Russian Defense Minister Sergei Shoigu and Syrian president Bashar Assad (L-R front) shake hands during a meeting, Damascus, March 23, 2020. (TASS via Getty Images)
Russian Defense Minister Sergei Shoigu and Syrian president Bashar Assad (L-R front) shake hands during a meeting, Damascus, March 23, 2020. (TASS via Getty Images)

Russia is not pleased with the pace set by Damascus at the Constitutional Committee talks in Geneva. It is also awaiting the development of US President Joe Biden’s policy towards Syria and Washington’s broader relations with Moscow.

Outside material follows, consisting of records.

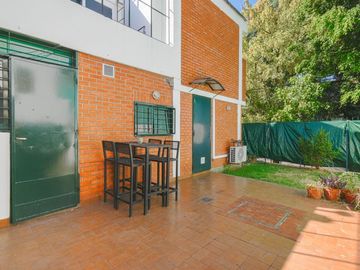 Venta Casa 4 Amb + dep + cochera en Florida Este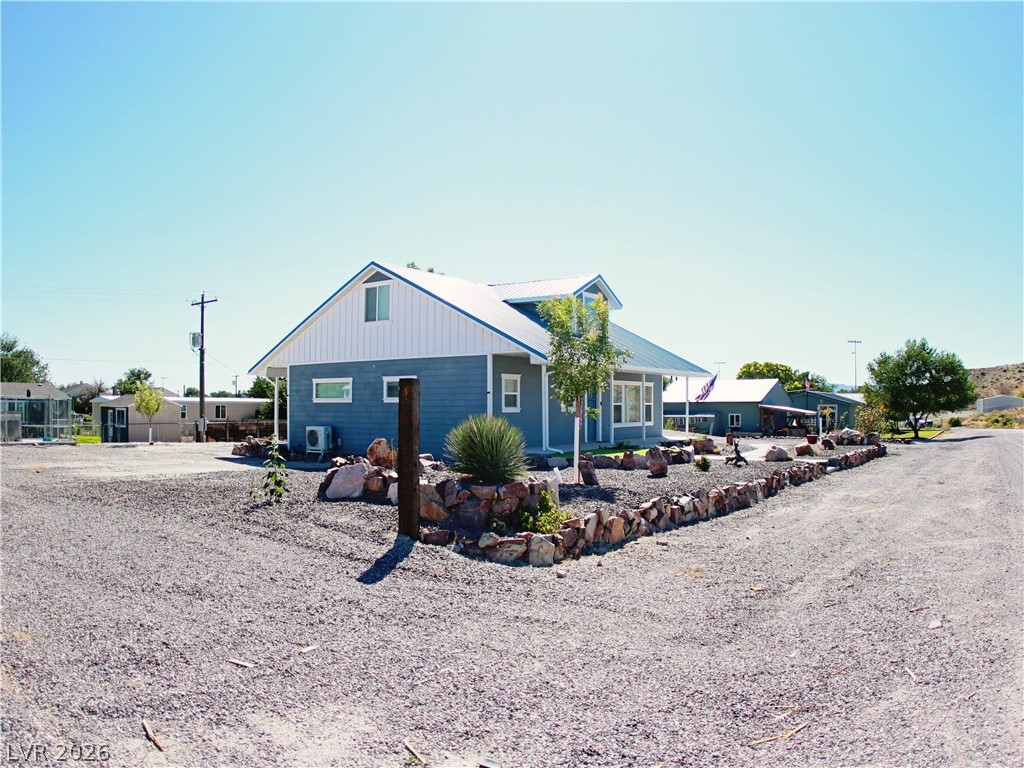 1348 Blad Street Property Photo 5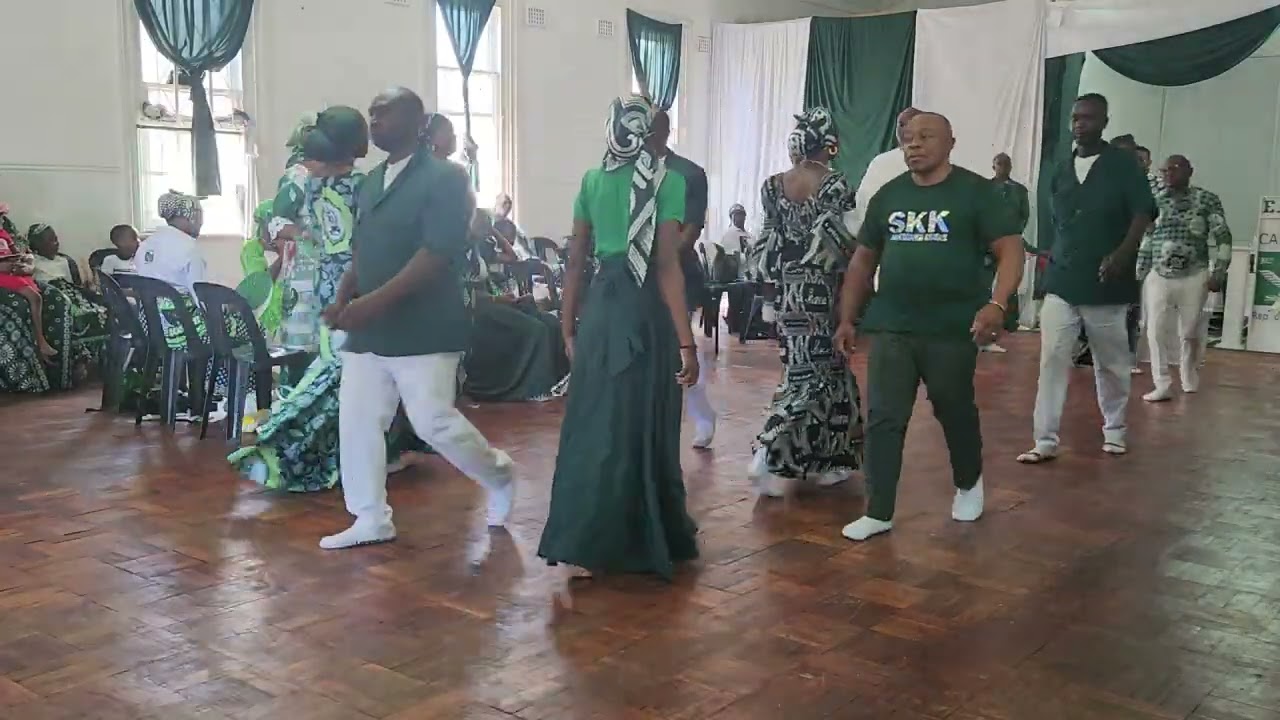 DEFILE PAROISE CAPE TOWN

Meanwhile, Russia received proposals from Syrian opposition figures for the formation of a joint military council that includes armed factions and defectors from the regime. The council would assume many duties, such as forcing the pull out of foreign forces and militias from Syria, unifying the country and its forces, and sponsoring the political solution. Russia would alone retain troops in the country.

As it stands, Russia is still maintaining its position that is based, first on prioritizing the upcoming presidential elections, set for mid-2021. It is hoping that Bashar Assad would win the elections, which would serve as a “turning point” to breaking Damascus’ international and regional isolation.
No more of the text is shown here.